Temuan ini merupakan hal yang cukup mengejutkan. Guru mata pelajaran adalah guru yang hanya menangani satu mata pelajaran, yaitu mata pelajaran bahasa Indonesia. Dengan demikian, secara teoretis, guru mata pelajaran bahasa Indonesia adalah guru yang sangat menguasai pembelajaran membaca pemahaman karena pembelajaran membaca pemahaman merupakan bagian dari pembelajaran bahasa Indonesia. Menjadi sangat aneh apabila guru mata pelajaran bahasa Indonesia ternyata lebih rendah secara signifikan kemampuannya dalam membelajarkan membaca pemahaman dibandingkan dengan guru kelas.

Hal yang perlu dicermati lebih lanjut adalah apakah benar guru mata pelajaran tersebut memang berlatar belakang pendidikan bahasa Indonesia. Jangan-jangan kelompok guru tersebut berlatar belakang pendidikan bukan bahasa Indonesia.
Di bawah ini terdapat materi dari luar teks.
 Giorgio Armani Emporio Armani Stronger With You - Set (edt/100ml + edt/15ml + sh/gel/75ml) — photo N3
Di sisi lain, dari paparan sebelumnya (4.4.3) dapat diketahui bahwa kelompok guru tersebut ternyata masuk kategori kelompok guru yang baru membelajarkan bahasa Indonesia. Dengan demikian masih bisa dipahami kalau kemampuan mereka tergolong rendah. Dari sisi lain lagi, ternyata kelompok guru mata pelajaran tersebut terpilah atas guru yang berpendidikan SLTA 2 orang, D II 1 orang, dan yang berpendidikan sarjana 1 orang. Dengan demikian, dapat disimpulkan bahwa pada hakikatnya status guru dalam kelas hanya merupakan salah satu faktor yang turut memengaruhi kemampuan membelajarkan membaca pemahaman. Masih banyak faktor lain yang secara bersama-sama memengaruhi kemampuan guru dalam mem-belajarkan membaca pemahaman.